• Task to carry out
Excluding pictures, what does the listing below contain from the line with "Framed Campaign Poster" up to and including the line with "Charming Custom Earrings", word for word?

• Data
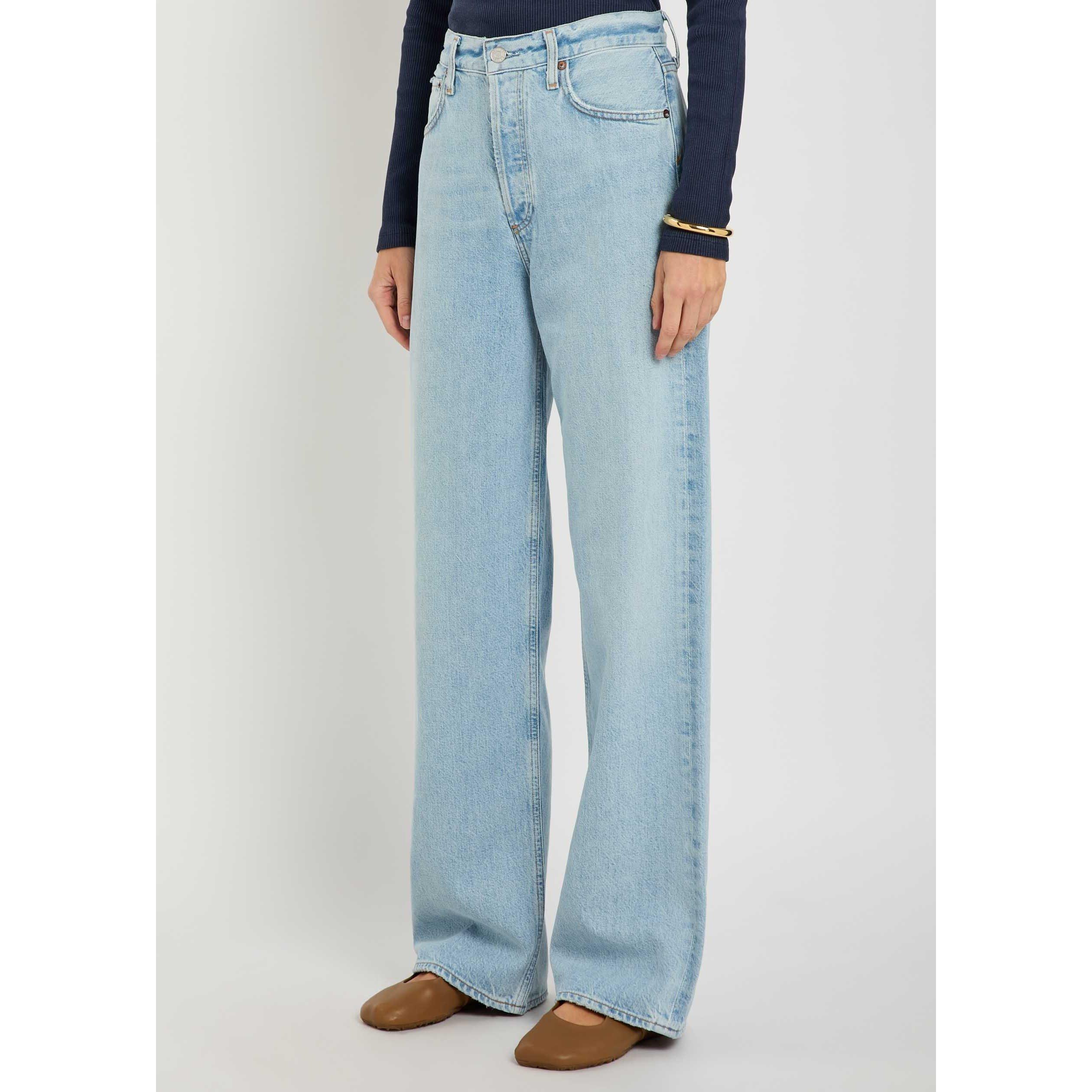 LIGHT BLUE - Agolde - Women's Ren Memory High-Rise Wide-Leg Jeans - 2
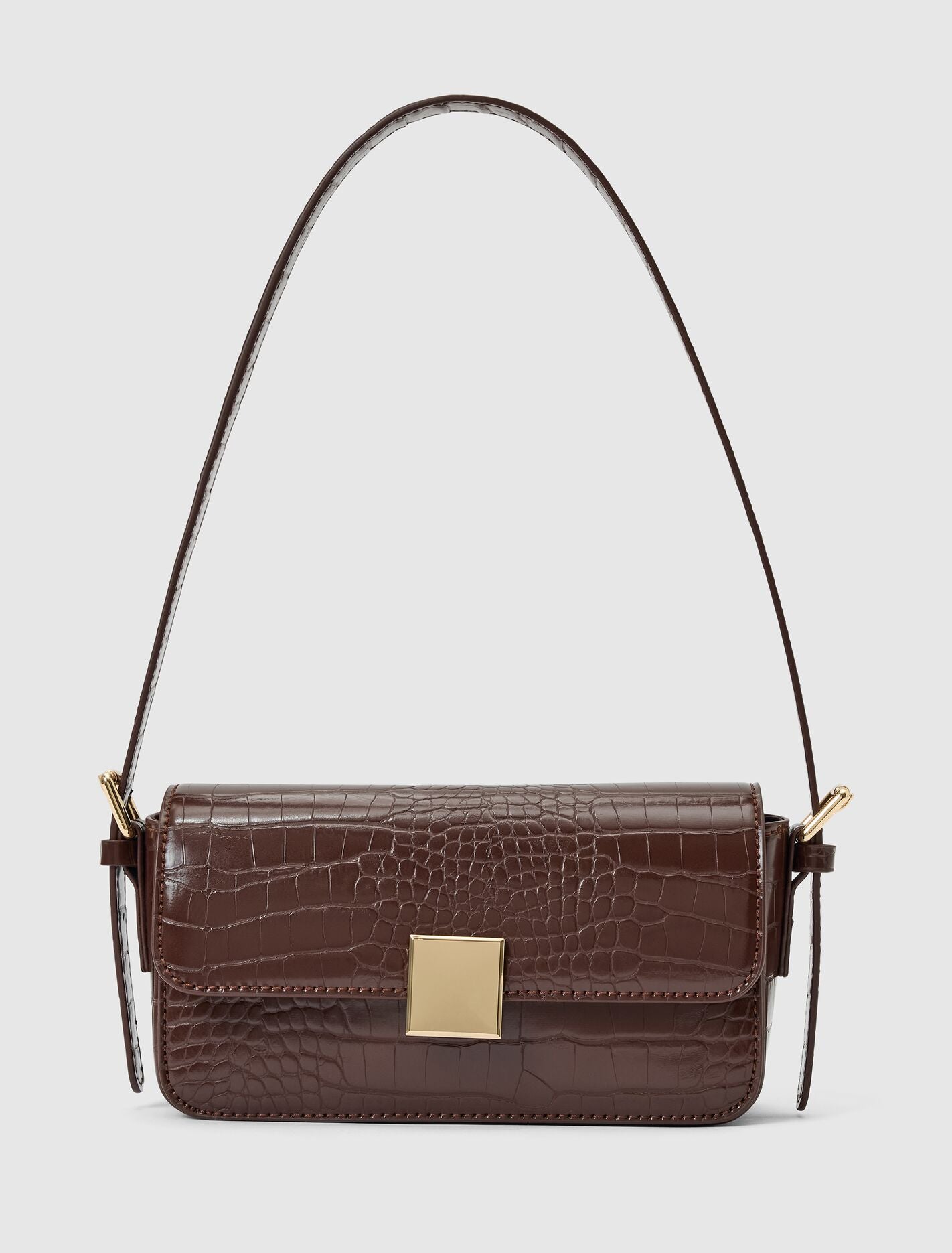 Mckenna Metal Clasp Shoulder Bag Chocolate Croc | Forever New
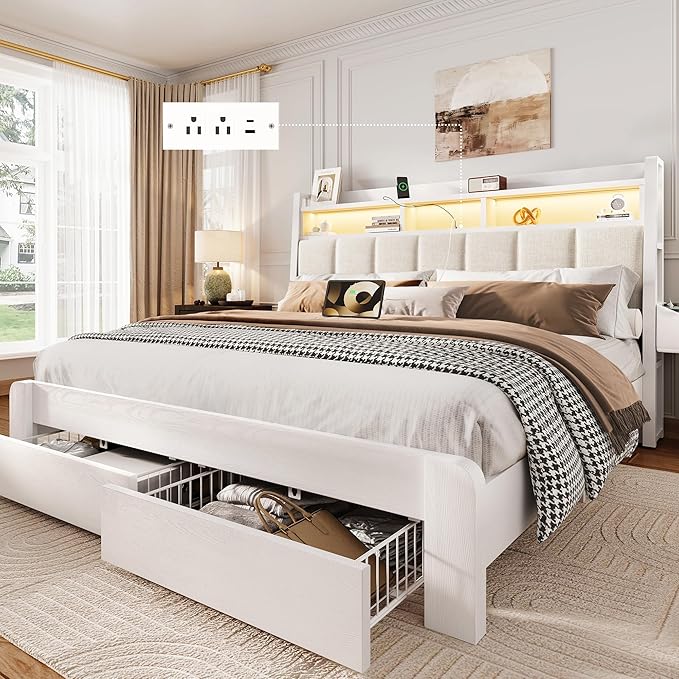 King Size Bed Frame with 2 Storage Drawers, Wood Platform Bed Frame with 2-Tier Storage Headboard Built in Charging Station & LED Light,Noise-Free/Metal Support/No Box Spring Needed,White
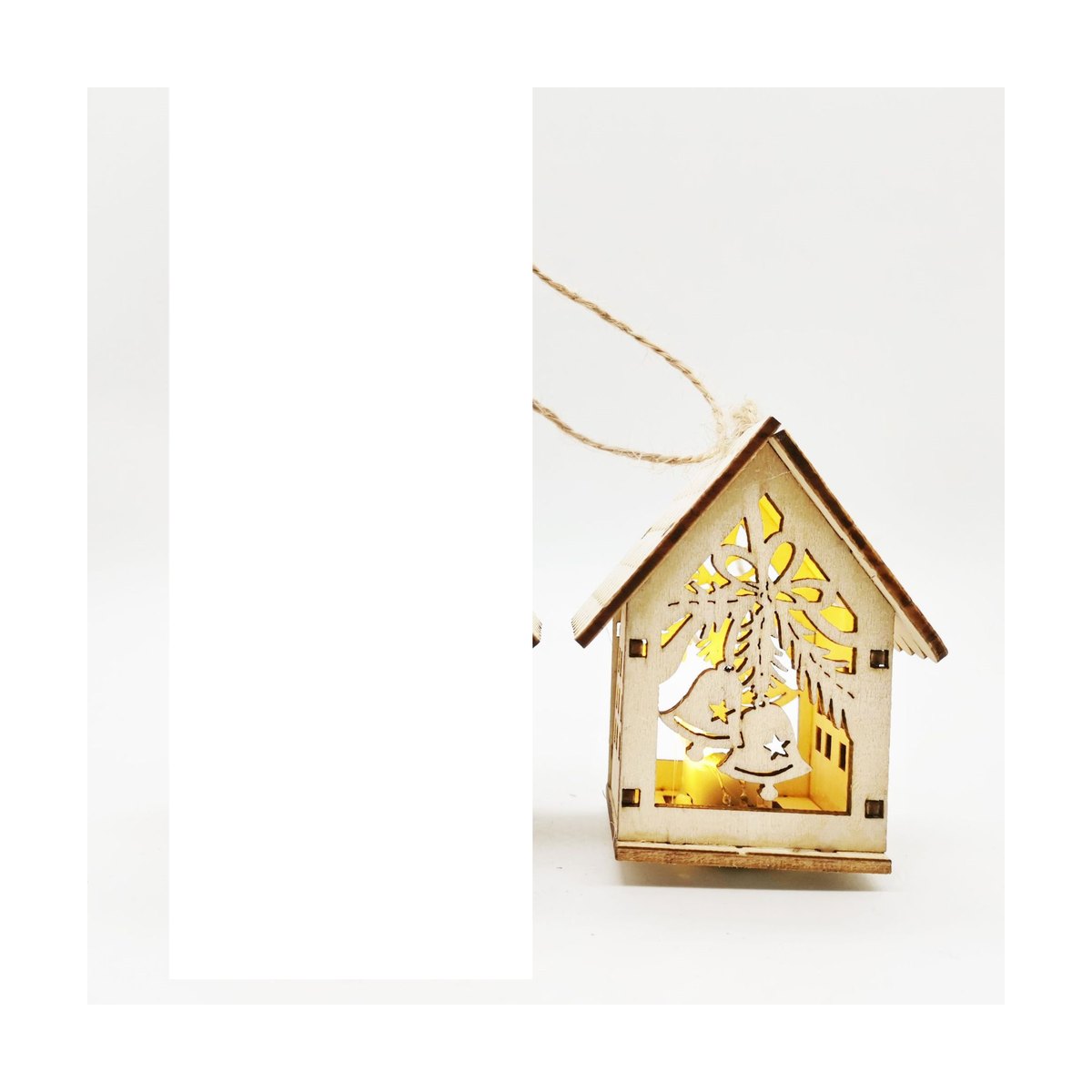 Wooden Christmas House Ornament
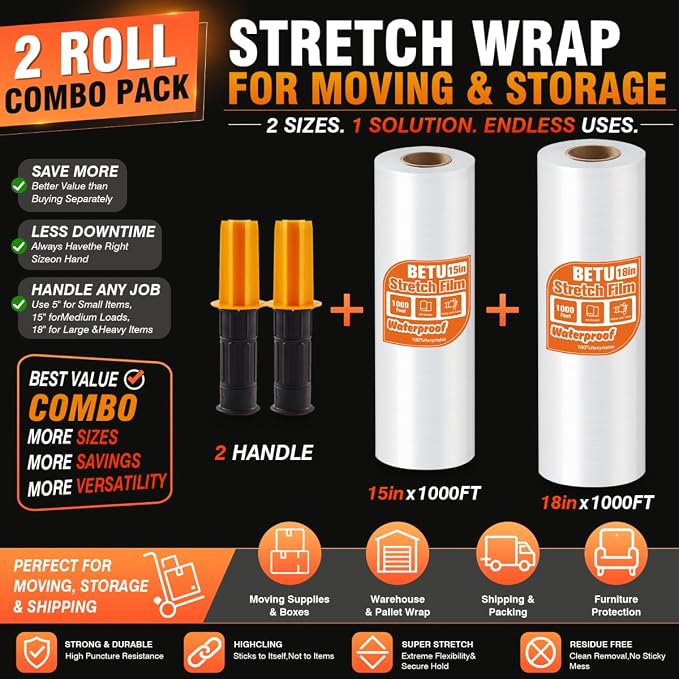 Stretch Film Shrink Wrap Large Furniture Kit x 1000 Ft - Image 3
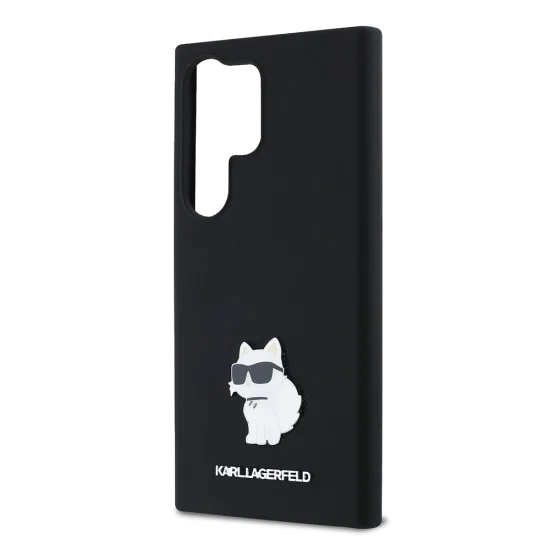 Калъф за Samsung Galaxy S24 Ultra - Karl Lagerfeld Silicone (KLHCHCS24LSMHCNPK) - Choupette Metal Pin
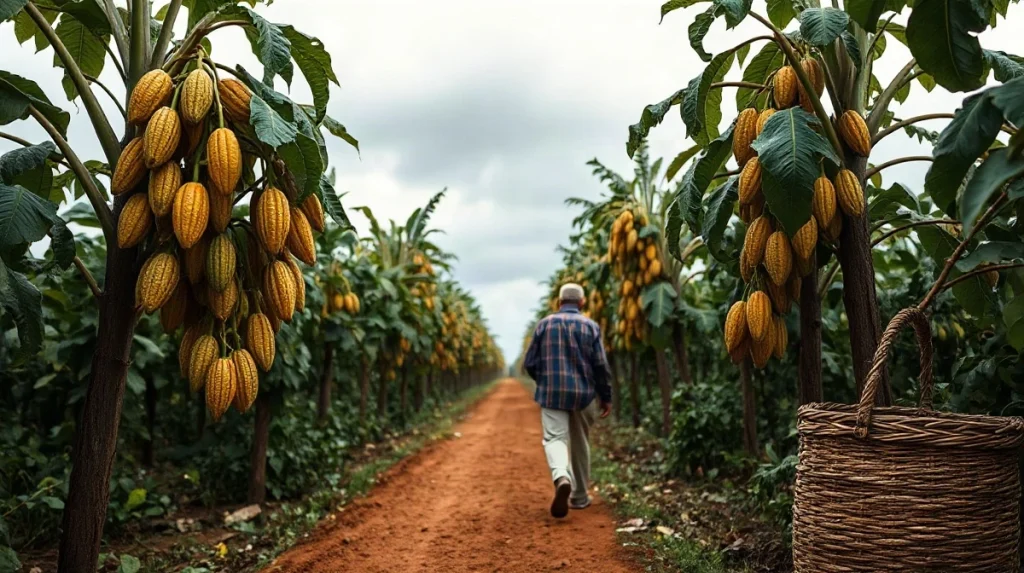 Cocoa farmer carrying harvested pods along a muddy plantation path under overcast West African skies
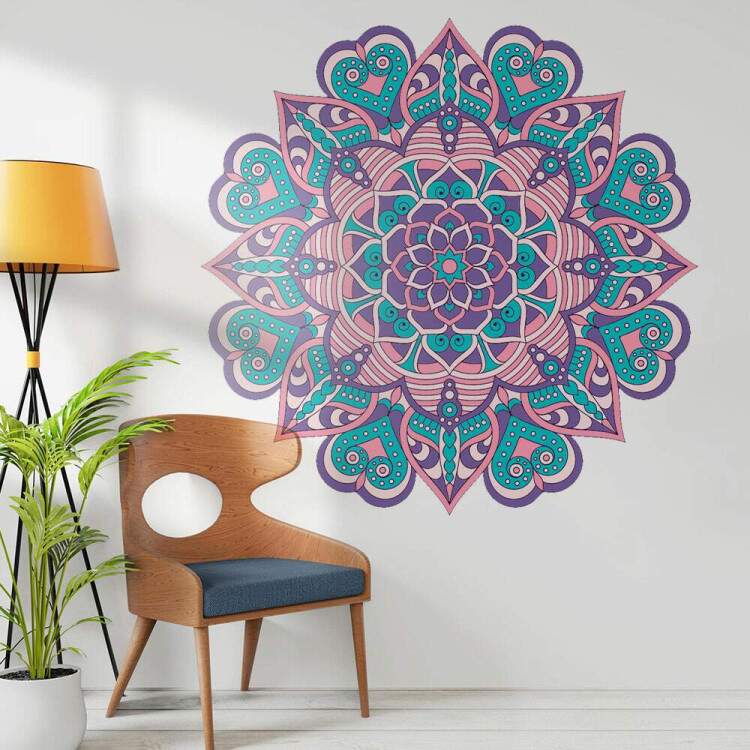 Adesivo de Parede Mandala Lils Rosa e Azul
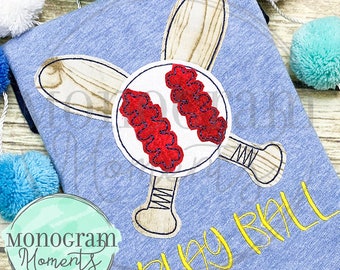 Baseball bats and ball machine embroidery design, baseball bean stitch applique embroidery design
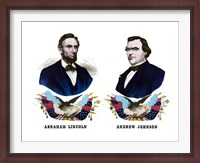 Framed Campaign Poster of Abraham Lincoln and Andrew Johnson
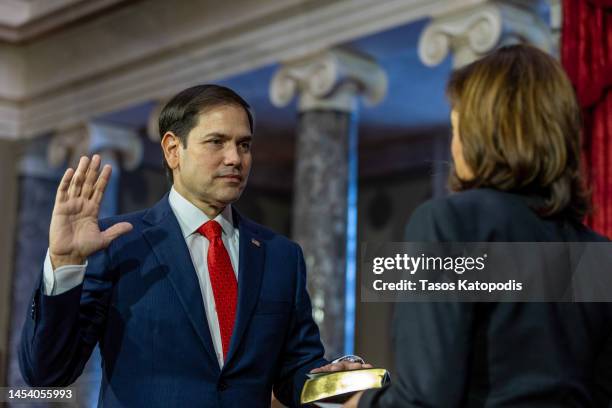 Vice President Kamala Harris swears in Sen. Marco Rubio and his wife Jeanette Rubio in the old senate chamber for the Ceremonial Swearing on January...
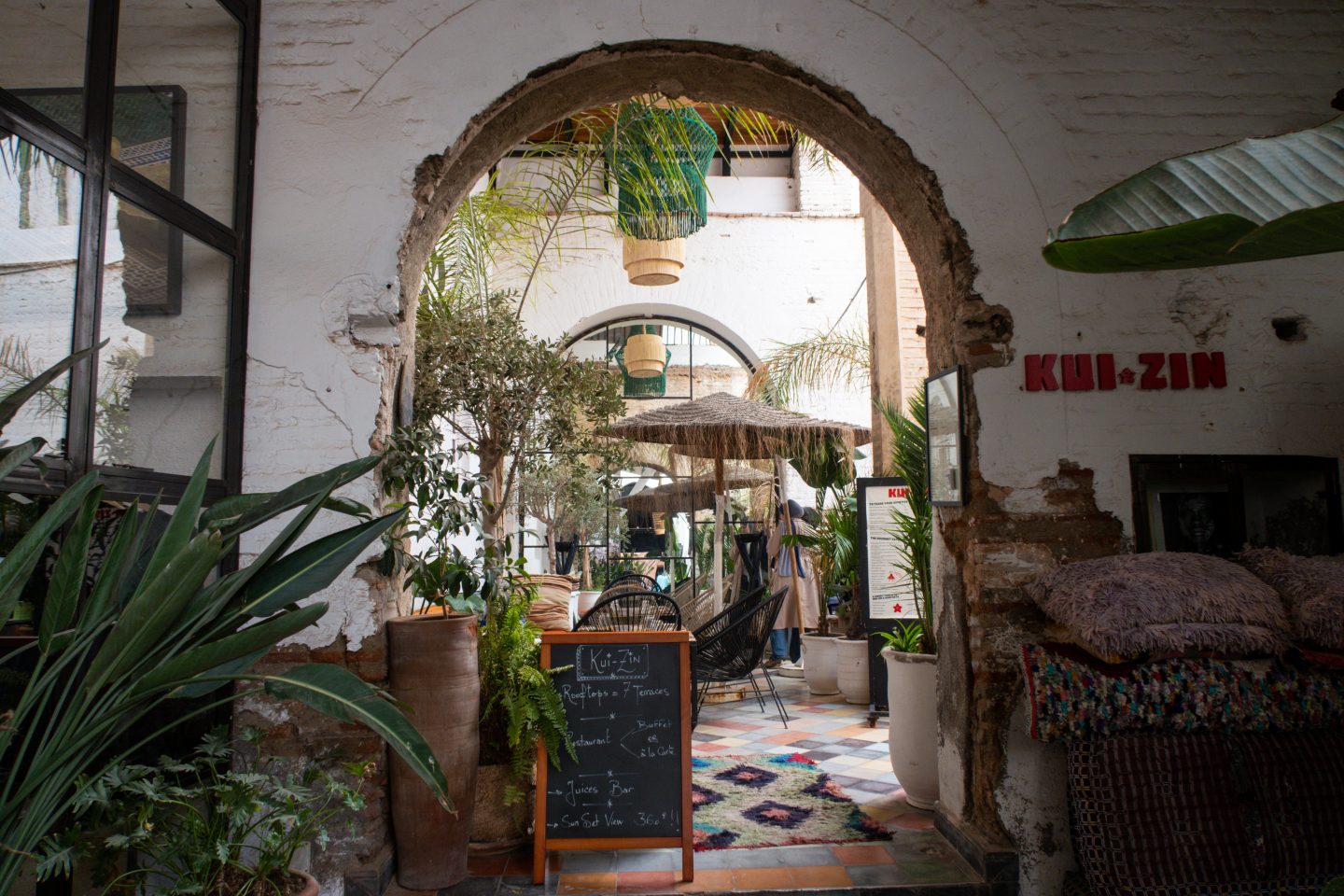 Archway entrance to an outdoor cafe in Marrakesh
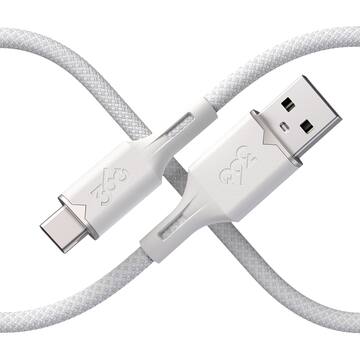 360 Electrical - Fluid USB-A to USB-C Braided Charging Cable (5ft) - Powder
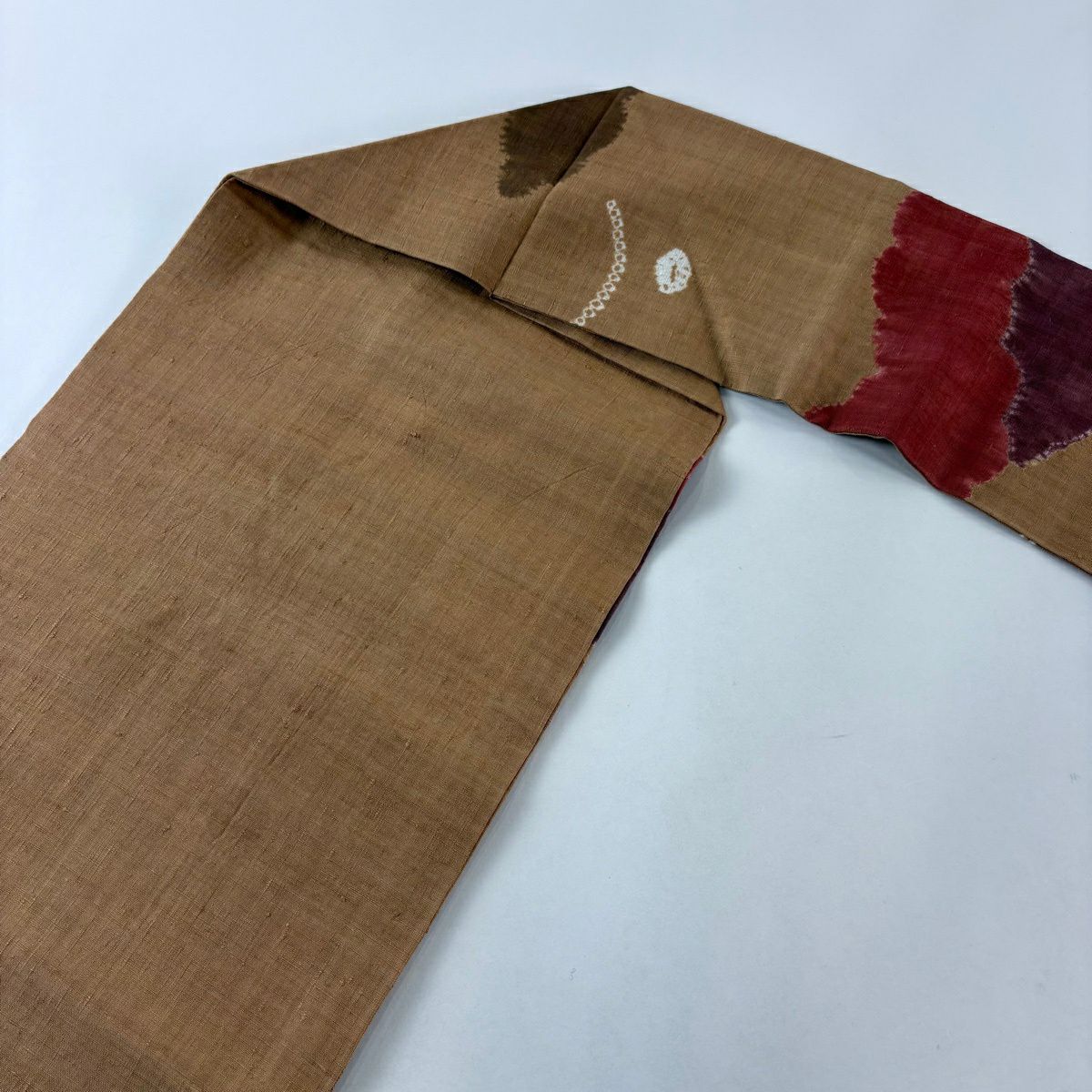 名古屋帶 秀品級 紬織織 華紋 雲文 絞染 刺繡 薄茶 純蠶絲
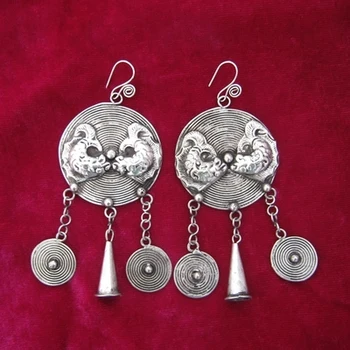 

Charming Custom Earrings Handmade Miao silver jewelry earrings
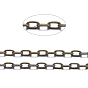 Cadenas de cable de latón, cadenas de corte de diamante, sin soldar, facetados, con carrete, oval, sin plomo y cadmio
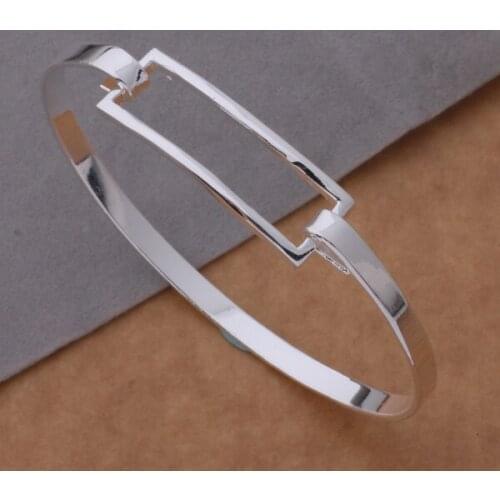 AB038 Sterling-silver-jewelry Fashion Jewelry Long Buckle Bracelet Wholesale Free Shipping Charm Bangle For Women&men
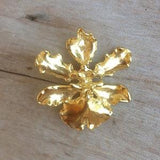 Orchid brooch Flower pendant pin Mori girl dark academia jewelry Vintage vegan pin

• Answer to this problem
 Framed Campaign Poster of Abraham Lincoln and Andrew Johnson
 Vice President Kamala Harris swears in Sen. Marco Rubio and his wife Jeanette Rubio in the old senate chamber for the Ceremonial Swearing on January...
 Archway entrance to an outdoor cafe in Marrakesh
 360 Electrical - Fluid USB-A to USB-C Braided Charging Cable (5ft) - Powder
 名古屋帶 秀品級 紬織織 華紋 雲文 絞染 刺繡 薄茶 純蠶絲

Charming Custom Earrings Handmade Miao silver jewelry earrings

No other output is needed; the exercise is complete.